» **Supplied information**:
● ● ●
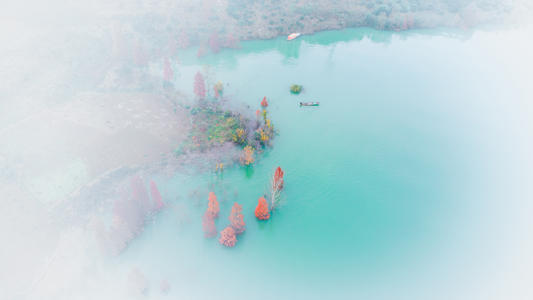 ���������������Ů�����֣�����Ů���к���������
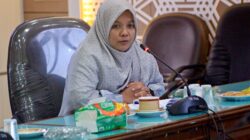 DPRK Aceh Besar Apresiasi Desa Meunasah Balee Lampuuk Raih Juara Nasional Desa Wisata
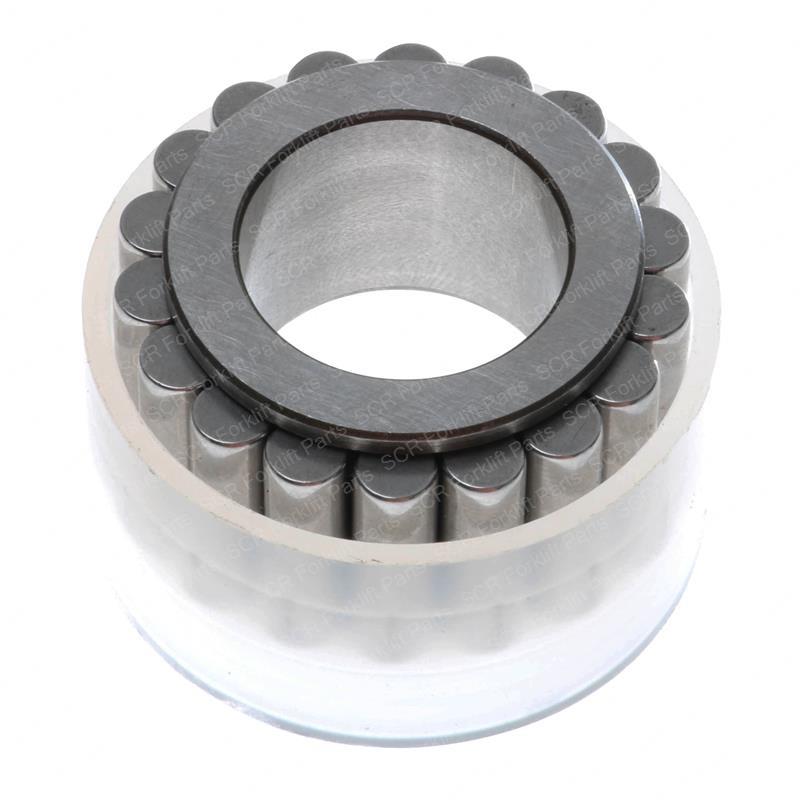 BRG-REAR AX NI43215-GA10A ni43215-ga10a product image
● ● ●
» **What you are asked to do**: The line containing "DPRK Aceh Besar" and every line after it, through the end of the data, are to be output exactly. Omit the pictures.

» **Response area**:
 DPRK Aceh Besar Apresiasi Desa Meunasah Balee Lampuuk Raih Juara Nasional Desa Wisata
 BRG-REAR AX NI43215-GA10A ni43215-ga10a product image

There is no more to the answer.